Start of Block

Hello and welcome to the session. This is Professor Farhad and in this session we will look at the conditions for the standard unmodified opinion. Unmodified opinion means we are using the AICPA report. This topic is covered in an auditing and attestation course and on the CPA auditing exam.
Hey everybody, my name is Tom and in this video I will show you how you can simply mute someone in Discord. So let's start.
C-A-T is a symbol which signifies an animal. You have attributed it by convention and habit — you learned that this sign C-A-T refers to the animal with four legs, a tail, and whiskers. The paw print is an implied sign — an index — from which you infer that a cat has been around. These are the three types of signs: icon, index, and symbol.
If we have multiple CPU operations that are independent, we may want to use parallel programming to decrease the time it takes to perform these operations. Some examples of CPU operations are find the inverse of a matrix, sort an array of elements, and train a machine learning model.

End of Block
Start of Block

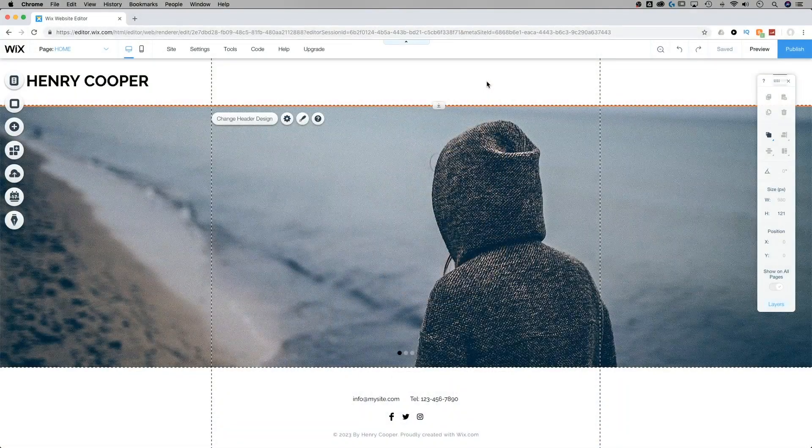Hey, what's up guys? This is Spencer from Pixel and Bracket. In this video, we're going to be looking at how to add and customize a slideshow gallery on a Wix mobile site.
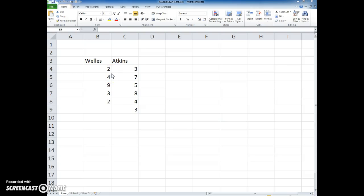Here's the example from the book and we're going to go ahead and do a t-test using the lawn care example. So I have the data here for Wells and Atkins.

End of Block

- [WHAT IS BEING ASKED]: Retype the records above, but only those lines that fall between the line containing "Hello and welcome" and the line containing "Hey everybody, my", with both of those lines included, exactly as written.

- [SOLUTION]:
Hello and welcome to the session. This is Professor Farhad and in this session we will look at the conditions for the standard unmodified opinion. Unmodified opinion means we are using the AICPA report. This topic is covered in an auditing and attestation course and on the CPA auditing exam.
Hey everybody, my name is Tom and in this video I will show you how you can simply mute someone in Discord. So let's start.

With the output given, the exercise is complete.